:: Raw data

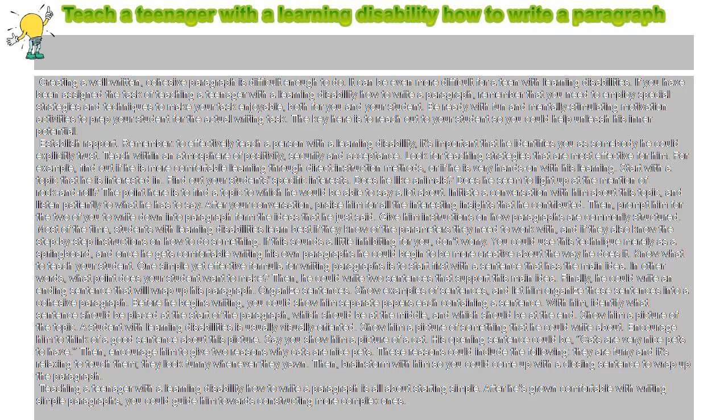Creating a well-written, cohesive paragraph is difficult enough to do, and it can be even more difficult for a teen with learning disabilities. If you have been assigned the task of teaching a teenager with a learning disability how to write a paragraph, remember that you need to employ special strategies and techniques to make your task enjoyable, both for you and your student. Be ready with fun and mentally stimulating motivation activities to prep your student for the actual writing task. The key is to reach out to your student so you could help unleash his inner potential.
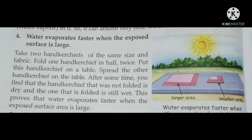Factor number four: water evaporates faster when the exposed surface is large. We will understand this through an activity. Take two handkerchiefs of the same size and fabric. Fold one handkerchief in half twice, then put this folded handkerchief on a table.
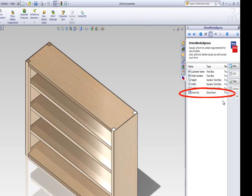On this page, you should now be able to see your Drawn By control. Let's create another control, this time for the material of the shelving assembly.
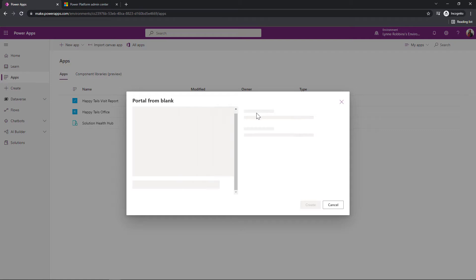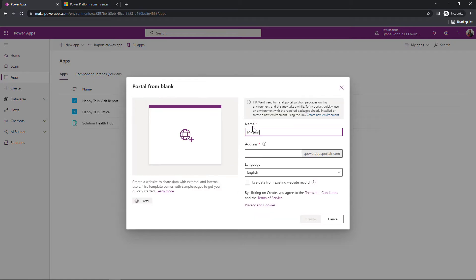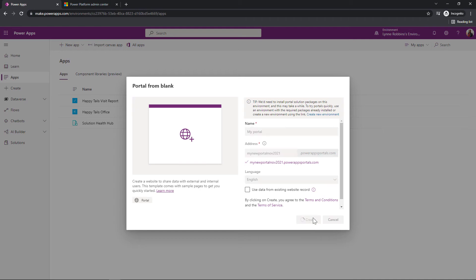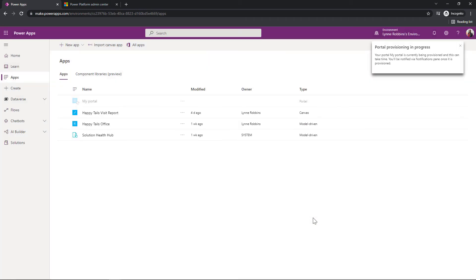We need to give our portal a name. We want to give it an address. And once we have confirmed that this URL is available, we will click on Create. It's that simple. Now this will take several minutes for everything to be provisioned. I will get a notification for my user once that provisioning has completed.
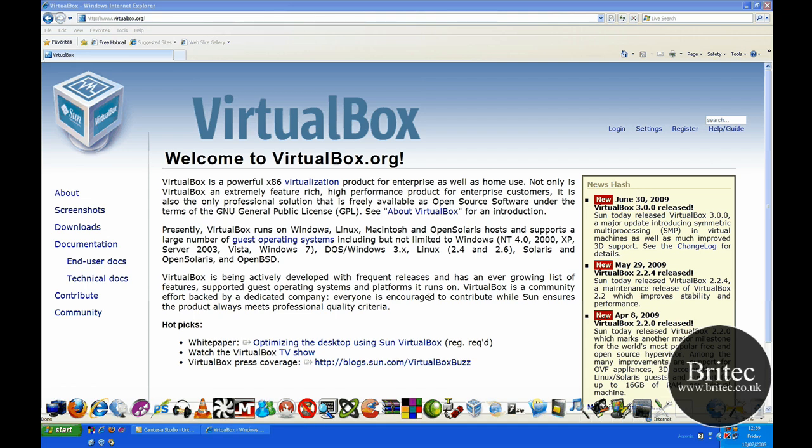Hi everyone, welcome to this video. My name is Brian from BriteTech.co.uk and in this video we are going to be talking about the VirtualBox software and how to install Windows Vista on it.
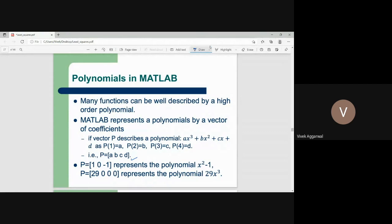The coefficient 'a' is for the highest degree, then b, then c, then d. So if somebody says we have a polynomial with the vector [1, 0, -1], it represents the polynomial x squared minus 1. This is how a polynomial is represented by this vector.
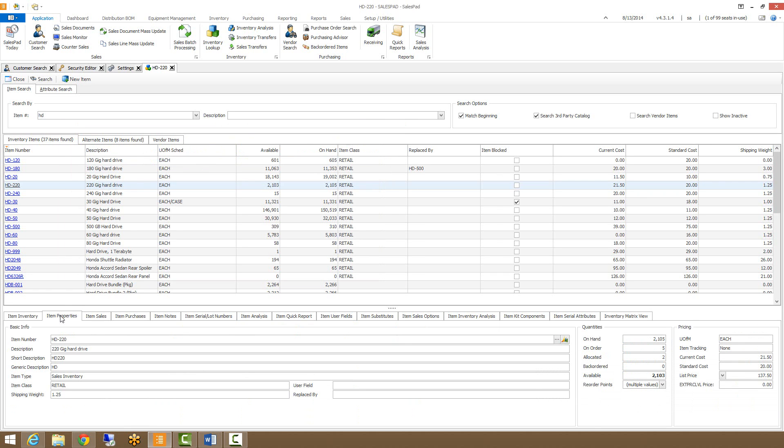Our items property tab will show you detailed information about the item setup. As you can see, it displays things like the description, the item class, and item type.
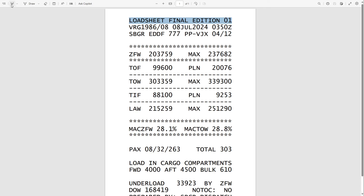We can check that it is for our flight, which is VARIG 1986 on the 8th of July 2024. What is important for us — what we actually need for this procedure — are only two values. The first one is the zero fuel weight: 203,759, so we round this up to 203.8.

::::
:: Raw data

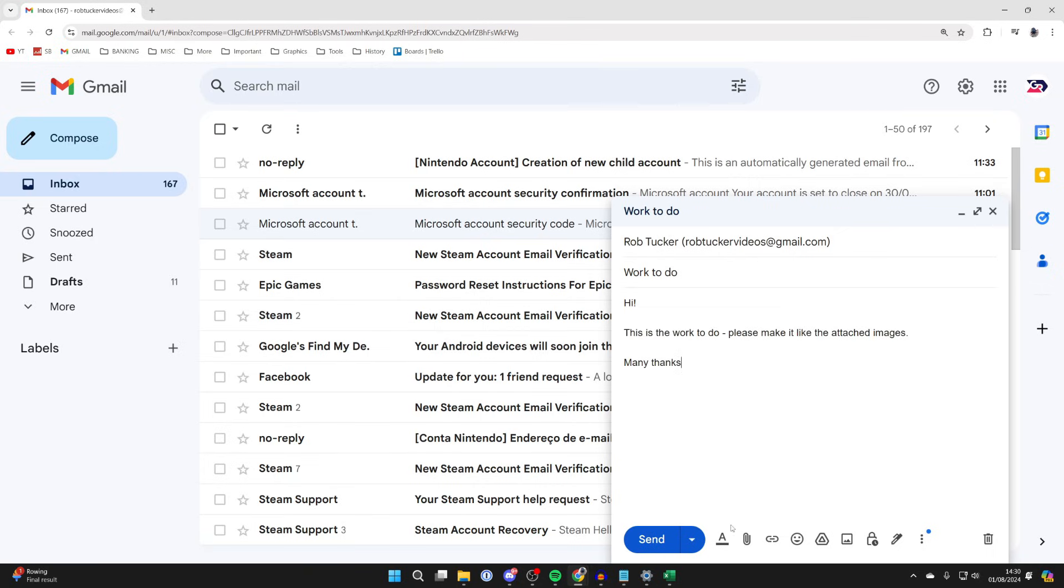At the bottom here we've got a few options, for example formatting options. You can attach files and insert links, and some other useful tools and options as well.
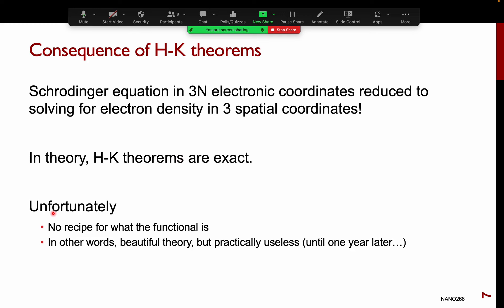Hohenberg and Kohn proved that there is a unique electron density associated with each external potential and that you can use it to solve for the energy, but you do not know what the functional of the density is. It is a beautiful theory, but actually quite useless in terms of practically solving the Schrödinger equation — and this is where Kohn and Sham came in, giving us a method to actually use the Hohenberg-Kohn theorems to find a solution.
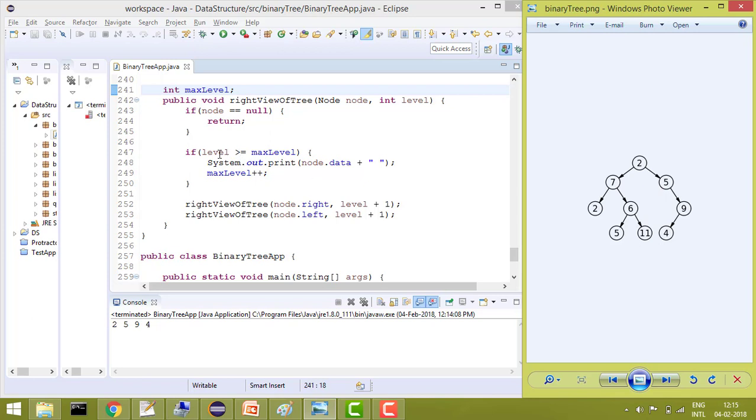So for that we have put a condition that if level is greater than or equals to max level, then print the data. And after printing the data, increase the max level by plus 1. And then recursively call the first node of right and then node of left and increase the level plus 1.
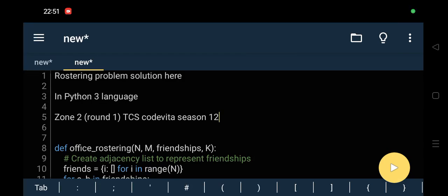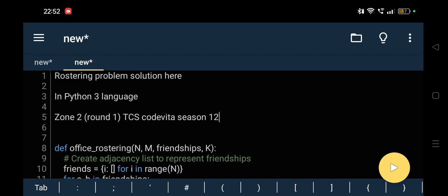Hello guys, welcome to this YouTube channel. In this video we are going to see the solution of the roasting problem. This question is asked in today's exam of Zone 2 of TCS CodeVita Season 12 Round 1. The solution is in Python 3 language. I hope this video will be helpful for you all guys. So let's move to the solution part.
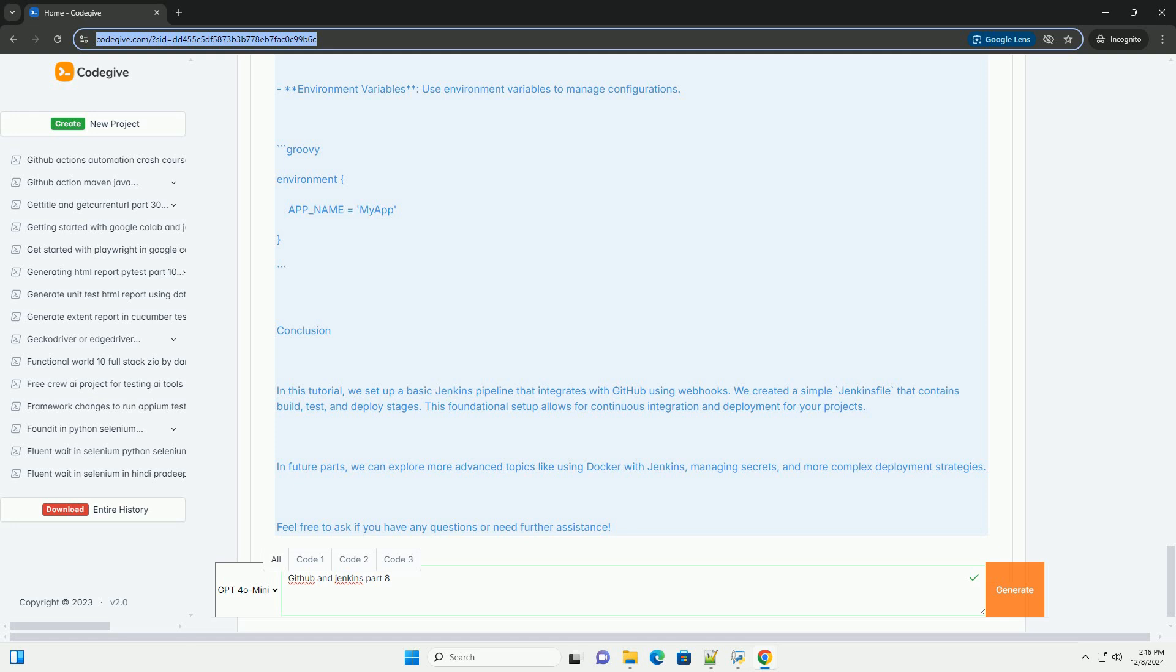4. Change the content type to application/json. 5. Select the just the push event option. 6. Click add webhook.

::::

▶ **What is expected**:
Please return the material above only from the line that holds "Hello guys, welcome" through the line that holds "4. Change the", exactly as it stands, ends included and pictures omitted.

▶ **Response area**:
Hello guys, welcome to this YouTube channel. In this video we are going to see the solution of the roasting problem. This question is asked in today's exam of Zone 2 of TCS CodeVita Season 12 Round 1. The solution is in Python 3 language. I hope this video will be helpful for you all guys. So let's move to the solution part.
4. Change the content type to application/json. 5. Select the just the push event option. 6. Click add webhook.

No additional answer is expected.